If you have data, you can add it to the plot at this stage. For the
following, the Loblolly
data set will be used to
demonstrate ideas in ggplot2
.
ggplot(
data = Loblolly, # this MUST be a data frame
aes(
x = age, # what column from your data do you want on the x-axis?
y = height # what column from your data do you want on the y-axis?
)
)
There is nothing on this plot. However, notice that the x-axis and
y-axis have been scaled to the limits of the age
and
height
columns from the Loblolly
data set.
Once you have added data to the plot in this fashion, you need to
tell ggplot
how you want to draw that data. This is
explored in the sections to come.
Making histograms with geom_histogram()
A histogram is a good way to display the variability in a single variable.

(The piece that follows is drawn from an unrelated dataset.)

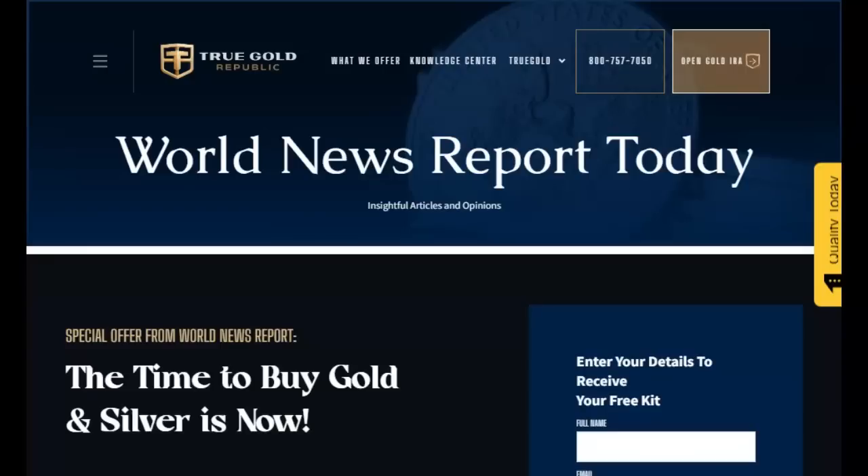This video is sponsored by Trugel Republic, the precious metals experts. Talk to one of their experts today about diversifying your portfolio to assure your future financial stability. Find their contact information in the description below and pinned in our first comment.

The following code produces a histogram of the height
column in the Loblolly
data set.
ggplot(
data = Loblolly, # Provide a data set
aes(x = height) # You only need to give an x-axis for histograms
) +
geom_histogram() # This draws the histogram
You can modify the histogram by changing several options in
geom_histogram()
.
For example, we can set the option binwidth
to change
the size of the bars:
ggplot(
data = Loblolly, # Provide a data set
aes(x = height) # You only need to give histograms an x-axis
) +
geom_histogram(
binwidth = 5 # the width of each bin will be 5
)
We can also change the options colour
and
fill
to change the outline and in-fill colour of the bars,
respectively:
ggplot(
data = Loblolly, # Provide a data set
aes(x = height) # You only need to give histograms an x-axis
) +
geom_histogram(
colour = "black", # the outline colour on the bars
fill = "grey" # the in-fill colour in the bars
)
The default behaviour of geom_histogram()
is to plot the
count
on the y-axis, but in many applications for
statistics, what we actually want is a density. The count
simply makes the bar height equal to the number of observations which
fall into a particular bin, however, density
forces the bar
area to be representative of the propertion of the total dataset which
falls into a bin.
This can be achieves by setting the y-axis to be
..density..
(yes, including the dots) inside the
geom_histogram()
call.
ggplot(
data = Loblolly, # Provide a data set
aes(x = height) # You only need to give histograms an x-axis
) +
geom_histogram(
aes(y = ..density..),
colour = "black", # the outline colour on the bars
fill = "grey" # the in-fill colour in the bars
)
What you should notice here is that everything looks the same except for the scale on the y-axis.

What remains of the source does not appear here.